Unfortunately, as I came in later on a cruise ship, I only made the 2nd dive, but it was awesome. We dove Santa Rosa Wall, which is a wall reef ranging in depth from 30' to 110'. It's approximately 3/4 of a mile offshore (little different than going to the O), and it's about 12 miles south of the downtown of San Miguel. Currents were about 2 knots at depth the whole time, and viz was well over 80 ft. in beautiful turquoise-blue water. Air temp was about 75-80 and the water was a delightful 78 degrees. The pictures of what we saw tell the story better:



Enjoy!

-WM

Fly Navy, Dive Pensacola, Go VOLS!!

:usaflag


----------



## HateCheese (Oct 2, 2007)

Got to dive there about 2 years ago. Great easy diving. Jealous you got to see some spotted eagle rays. Cool stuff.


----------



## SnappaSlappa (Mar 8, 2010)

Good diving there. You can spearfish on the north end of the island. You can do it on scuba if you know someone. If not, there is a guy named Leo there that will take you freediving to shoot. He runs a good operation. Spearfishingtoday.com


----------



## wm4480 (Jul 2, 2009)

nice - yeh, there were several moments where I was wondering where my gun was??!! i wish i could've brought it, although walking through the cruise terminal with my Ocean Rhino 48" probably would've freaked some folks out...

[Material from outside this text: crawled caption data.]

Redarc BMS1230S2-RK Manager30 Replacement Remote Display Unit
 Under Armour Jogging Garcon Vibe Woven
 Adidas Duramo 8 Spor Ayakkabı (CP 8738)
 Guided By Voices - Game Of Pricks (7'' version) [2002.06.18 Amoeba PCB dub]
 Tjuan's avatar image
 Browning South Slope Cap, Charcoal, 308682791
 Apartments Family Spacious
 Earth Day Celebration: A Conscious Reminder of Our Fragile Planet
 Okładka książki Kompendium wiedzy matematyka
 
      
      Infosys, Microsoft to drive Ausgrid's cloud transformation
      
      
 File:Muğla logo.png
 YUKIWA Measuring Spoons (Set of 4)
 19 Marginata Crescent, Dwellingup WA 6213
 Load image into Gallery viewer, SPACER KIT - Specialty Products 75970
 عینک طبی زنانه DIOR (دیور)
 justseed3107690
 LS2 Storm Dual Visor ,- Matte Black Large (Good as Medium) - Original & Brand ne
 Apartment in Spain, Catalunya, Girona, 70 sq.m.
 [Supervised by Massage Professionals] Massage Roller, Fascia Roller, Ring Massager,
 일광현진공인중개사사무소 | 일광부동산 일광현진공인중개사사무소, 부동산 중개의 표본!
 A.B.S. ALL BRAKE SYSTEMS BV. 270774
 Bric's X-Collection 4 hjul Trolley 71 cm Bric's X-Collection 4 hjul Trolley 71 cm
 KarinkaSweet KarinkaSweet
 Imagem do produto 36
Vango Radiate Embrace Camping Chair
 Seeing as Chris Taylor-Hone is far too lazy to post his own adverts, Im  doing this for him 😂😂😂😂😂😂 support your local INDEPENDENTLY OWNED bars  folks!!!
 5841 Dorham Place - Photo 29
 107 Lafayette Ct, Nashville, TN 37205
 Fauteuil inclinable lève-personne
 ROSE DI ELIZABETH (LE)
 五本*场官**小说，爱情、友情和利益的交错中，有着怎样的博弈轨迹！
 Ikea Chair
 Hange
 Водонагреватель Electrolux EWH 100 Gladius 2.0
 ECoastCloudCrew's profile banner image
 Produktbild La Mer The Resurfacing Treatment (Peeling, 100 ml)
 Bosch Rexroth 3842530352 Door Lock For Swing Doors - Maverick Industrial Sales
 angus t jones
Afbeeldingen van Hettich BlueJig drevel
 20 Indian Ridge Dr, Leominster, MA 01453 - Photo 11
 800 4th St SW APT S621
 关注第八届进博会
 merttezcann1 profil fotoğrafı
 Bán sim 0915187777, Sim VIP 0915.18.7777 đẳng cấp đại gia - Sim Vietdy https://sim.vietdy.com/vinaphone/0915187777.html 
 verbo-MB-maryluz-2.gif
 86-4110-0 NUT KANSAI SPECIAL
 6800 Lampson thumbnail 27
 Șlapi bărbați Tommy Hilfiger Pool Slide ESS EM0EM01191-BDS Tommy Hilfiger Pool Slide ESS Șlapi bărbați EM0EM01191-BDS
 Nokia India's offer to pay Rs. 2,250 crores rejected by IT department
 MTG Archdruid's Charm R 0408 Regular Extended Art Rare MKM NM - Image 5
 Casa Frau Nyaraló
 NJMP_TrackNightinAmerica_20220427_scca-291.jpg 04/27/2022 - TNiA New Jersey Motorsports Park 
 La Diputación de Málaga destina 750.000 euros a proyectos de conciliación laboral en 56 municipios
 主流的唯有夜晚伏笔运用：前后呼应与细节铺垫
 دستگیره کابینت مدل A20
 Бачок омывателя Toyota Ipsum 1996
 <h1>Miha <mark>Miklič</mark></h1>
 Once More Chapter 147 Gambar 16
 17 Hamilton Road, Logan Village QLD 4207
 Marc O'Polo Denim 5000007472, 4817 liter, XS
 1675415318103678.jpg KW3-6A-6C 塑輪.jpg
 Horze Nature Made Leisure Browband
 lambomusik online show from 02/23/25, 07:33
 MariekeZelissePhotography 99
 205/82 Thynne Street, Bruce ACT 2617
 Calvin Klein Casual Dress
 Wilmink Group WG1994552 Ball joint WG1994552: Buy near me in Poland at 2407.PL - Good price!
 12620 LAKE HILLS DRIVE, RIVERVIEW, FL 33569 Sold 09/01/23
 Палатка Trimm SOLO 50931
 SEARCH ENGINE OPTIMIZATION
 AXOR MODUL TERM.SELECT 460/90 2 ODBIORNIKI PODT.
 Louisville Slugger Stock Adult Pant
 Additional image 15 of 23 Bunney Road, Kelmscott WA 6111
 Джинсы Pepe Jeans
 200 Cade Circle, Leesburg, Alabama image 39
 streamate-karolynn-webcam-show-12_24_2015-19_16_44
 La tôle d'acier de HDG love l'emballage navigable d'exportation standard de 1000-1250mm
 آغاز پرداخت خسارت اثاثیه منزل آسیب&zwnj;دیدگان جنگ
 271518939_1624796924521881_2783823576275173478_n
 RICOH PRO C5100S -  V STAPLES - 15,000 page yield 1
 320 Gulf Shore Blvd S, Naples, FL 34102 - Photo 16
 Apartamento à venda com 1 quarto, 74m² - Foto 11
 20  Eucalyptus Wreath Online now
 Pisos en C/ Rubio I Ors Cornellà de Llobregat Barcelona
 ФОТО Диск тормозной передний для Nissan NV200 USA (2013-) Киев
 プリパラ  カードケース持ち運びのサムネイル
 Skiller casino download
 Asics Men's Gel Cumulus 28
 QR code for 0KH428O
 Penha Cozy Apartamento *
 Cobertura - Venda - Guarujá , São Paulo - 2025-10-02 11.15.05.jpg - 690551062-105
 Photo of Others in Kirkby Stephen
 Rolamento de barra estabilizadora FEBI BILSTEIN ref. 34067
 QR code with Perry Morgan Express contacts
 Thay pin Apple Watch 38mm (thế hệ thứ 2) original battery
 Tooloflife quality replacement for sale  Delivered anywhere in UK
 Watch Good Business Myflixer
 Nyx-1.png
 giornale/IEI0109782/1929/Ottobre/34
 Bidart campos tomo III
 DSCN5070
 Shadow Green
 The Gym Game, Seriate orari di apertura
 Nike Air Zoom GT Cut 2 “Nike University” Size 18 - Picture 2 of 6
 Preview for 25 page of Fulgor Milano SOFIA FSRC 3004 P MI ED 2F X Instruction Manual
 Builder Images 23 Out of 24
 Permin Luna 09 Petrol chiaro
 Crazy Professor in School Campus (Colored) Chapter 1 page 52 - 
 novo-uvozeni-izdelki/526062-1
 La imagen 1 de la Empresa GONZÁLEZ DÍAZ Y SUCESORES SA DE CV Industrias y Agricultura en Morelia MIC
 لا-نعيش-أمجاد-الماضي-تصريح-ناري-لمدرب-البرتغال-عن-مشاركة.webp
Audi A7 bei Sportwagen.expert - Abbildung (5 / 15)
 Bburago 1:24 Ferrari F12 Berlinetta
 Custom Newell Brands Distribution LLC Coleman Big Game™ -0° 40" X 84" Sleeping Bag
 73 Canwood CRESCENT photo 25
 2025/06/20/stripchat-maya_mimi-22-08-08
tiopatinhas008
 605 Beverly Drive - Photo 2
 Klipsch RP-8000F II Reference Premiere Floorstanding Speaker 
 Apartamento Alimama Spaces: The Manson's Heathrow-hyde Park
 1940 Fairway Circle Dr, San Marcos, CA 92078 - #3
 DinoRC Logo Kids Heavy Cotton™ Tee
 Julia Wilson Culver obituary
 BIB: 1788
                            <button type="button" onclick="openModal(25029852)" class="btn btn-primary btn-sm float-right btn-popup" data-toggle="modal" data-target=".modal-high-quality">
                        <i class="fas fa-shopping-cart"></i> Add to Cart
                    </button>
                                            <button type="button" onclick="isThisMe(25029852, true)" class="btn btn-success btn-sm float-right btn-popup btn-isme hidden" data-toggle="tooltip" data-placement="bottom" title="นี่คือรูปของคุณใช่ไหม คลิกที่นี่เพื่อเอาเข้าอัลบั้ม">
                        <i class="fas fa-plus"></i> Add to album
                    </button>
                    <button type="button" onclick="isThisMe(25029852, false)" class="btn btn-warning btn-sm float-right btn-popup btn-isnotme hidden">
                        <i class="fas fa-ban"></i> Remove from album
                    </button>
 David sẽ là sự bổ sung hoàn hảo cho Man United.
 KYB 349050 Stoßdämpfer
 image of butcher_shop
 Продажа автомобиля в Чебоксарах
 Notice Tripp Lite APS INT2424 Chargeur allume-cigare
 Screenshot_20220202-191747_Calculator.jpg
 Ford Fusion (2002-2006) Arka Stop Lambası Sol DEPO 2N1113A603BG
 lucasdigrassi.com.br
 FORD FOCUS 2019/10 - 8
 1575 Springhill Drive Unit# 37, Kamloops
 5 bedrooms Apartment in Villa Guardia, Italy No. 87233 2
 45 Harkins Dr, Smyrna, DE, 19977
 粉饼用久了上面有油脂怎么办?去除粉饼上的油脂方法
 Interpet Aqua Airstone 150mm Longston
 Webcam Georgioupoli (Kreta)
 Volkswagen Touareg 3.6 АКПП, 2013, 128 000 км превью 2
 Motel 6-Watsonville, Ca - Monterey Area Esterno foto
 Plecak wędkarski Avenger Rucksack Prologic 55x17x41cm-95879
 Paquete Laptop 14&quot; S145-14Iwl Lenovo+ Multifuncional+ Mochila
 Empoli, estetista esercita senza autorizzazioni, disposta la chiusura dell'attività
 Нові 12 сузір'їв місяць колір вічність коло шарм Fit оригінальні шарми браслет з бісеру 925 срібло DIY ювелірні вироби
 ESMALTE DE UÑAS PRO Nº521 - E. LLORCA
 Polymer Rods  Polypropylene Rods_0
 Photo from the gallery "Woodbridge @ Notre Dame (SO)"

here's the pics reposted: (thanks Josh!!)


----------



## Emerald Ghost (Mar 11, 2008)

We snorkeled right behind Hotel Cozumel a couple years back and saw some of the same species.

The water clarity was unbelievable, and there was (what looked like) an old WWII P.T. boat moored just offshore back towards the ship.


----------



## Emerald Ghost (Mar 11, 2008)

We snorkeled right behind Hotel Cozumel a couple years back and saw some of the same species.

The water clarity was unbelievable, and there was (what looked like) an old WWII P.T. boat moored just offshore back towards the ship.


----------